Hugo Villaspasa, dessin 2008

Qu'est-ce qu'un dispositif ? de Giorgio Agamben

Qu'est-ce qu'un dispositif ?
Giorgio Agamben
éd.Rivages poche, 2007.

Comment combattre la machine gouvernementale capitaliste qui mène le monde vers la catastrophe ? Comment redonner à notre époque le sens de la politique alors même qu’elle s’est laissée vaincre par la seule économie, c’est-à-dire « une pure activité de gouvernement qui ne poursuit rien d’autre que sa propre reproduction » ? A l’heure où chaque citoyen ordinaire, n’ayant jamais été aussi docile et soumis, est en même temps pour les gouvernants le plus grand terroriste potentiel, il est de la plus grande urgence d’agir sur les dispositifs modernes du capitalisme et du pouvoir.
Agir sur ces dispositifs, c’est d’abord savoir les identifier et les définir. D’où la question que soulève Giorgio Agamben : qu’est-ce qu’un dispositif ? Retraçant la généalogie théologique de ce terme, remontant de son sens foucaldien à ses origines chrétiennes (le terme grec oïkonomia), en passant par le terme de positivité présent dans la philosophie du jeune Hegel et le Gestell heideggerien, Agamben propose la définition élargie suivante : « j’appelle dispositif tout ce qui a, d’une manière ou d’une autre, la capacité de capturer, d’orienter, de déterminer, d’intercepter, de modeler, de contrôler et d’assurer les gestes, les conduites, les opinions et les discours des êtres vivants ».
Sur la base de cette définition, force est ensuite de constater que les dispositifs modernes, à la différence des dispositifs traditionnels, ont par leur prolifération suscité une dissémination, un éclatement de la subjectivité. Ils ont transformé le citoyen en sujet spectral. La démultiplication contemporaine des dispositifs a développé à l’infini et disséminé la subjectivité (l’utilisateur de téléphone portable, le passionné de tango, l’auteur de récits, l’internaute…). Ainsi, parvenu à cette phase de développement extrême du capitalisme qu’est notre époque, le grand danger présent des dispositifs est la dépossession de soi-même, la disparition de la liberté elle-même dont ils se sont emparés de manière douce et sournoise.
Le problème devient alors : « De quelle manière pouvons-nous donc nous opposer à cette situation, quelle stratégie devons-nous adopter dans notre corps à corps quotidien avec ces dispositifs ? » Face au mirage de la jouissance confortable que nous promettaient et nous promettent encore les dispositifs modernes, dispositifs qui ne font en réalité que nous séparer tous les jours un peu plus de nous-mêmes, la tâche de reprise en mains s’impose.

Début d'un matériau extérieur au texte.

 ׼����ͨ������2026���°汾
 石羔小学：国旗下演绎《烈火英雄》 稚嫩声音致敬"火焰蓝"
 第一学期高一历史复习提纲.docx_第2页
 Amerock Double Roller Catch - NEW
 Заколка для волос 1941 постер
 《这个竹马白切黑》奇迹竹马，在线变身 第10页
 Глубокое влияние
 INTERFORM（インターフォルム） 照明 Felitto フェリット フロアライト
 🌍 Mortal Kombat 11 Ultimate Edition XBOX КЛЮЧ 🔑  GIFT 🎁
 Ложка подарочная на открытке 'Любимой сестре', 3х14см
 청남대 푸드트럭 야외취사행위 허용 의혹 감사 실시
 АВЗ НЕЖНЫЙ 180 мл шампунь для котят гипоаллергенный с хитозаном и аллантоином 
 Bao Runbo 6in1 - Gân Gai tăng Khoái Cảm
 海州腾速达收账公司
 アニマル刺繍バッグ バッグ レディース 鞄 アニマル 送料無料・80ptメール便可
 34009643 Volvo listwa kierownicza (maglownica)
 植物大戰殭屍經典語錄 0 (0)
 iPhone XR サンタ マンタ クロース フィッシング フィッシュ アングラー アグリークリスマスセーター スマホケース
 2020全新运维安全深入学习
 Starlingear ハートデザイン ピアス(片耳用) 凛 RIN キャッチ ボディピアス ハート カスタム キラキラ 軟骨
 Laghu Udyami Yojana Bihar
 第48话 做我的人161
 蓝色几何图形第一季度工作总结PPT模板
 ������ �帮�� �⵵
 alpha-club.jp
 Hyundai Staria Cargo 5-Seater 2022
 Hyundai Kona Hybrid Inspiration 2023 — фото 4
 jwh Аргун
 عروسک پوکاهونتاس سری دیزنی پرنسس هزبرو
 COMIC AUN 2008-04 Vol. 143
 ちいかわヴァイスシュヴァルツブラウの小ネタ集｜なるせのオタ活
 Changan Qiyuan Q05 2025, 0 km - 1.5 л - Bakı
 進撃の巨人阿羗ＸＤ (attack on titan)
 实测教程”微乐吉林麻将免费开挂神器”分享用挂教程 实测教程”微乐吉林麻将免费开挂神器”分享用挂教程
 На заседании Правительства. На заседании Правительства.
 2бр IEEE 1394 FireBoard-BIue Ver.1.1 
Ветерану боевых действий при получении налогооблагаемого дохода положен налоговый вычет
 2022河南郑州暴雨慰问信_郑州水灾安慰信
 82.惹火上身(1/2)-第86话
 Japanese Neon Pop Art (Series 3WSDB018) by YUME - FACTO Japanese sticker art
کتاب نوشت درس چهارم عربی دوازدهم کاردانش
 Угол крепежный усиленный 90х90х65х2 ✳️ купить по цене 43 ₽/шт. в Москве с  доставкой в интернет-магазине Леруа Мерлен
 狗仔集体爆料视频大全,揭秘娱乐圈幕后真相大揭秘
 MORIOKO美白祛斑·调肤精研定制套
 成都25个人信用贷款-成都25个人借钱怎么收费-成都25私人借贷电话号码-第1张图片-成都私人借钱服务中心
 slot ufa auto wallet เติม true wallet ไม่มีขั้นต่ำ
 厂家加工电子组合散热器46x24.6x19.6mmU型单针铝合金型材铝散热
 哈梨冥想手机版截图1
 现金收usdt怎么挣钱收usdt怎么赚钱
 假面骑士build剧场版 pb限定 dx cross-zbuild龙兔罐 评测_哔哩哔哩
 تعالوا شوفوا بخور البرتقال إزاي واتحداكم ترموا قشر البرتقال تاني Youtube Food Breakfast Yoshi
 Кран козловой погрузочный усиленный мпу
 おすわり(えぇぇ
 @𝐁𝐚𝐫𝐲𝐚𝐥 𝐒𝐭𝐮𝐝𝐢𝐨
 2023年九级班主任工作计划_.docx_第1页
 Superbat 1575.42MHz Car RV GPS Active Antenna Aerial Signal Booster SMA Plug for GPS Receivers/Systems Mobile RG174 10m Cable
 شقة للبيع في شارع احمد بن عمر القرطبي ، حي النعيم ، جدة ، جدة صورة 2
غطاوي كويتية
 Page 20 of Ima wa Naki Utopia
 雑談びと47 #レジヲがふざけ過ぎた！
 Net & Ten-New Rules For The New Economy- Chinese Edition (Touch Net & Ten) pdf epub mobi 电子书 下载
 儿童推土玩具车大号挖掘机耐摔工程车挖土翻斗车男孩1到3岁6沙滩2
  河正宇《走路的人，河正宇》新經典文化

Rejetant à la fois la solution de la destruction et celle, jugée trop naïve, d’un simple meilleur usage, Agamben préconise la profanation.
Mais qu’est-ce que profaner ? C’est précisément agir sur les dispositifs afin de les rendre à l’usage libre de l’homme. « La profanation est le contre-dispositif qui restitue à l’usage commun ce que le sacrifice avait séparé et divisé. » Aliénés par les dispositifs, il nous faut nous les réapproprier et combattre ainsi les processus de désubjectivation qui les accompagnent. C’est là la condition sine qua non de la possibilité d’une vie libre dans un monde qui ne serait pas devenu irrémédiablement inhumain. Profaner donc pour combattre la domination des dispositifs et le règne de la religion capitaliste. Profaner pour redonner tout son sens à la politique, cet effort d’hommes libres pour vivre ensemble. Profaner pour libérer la pensée.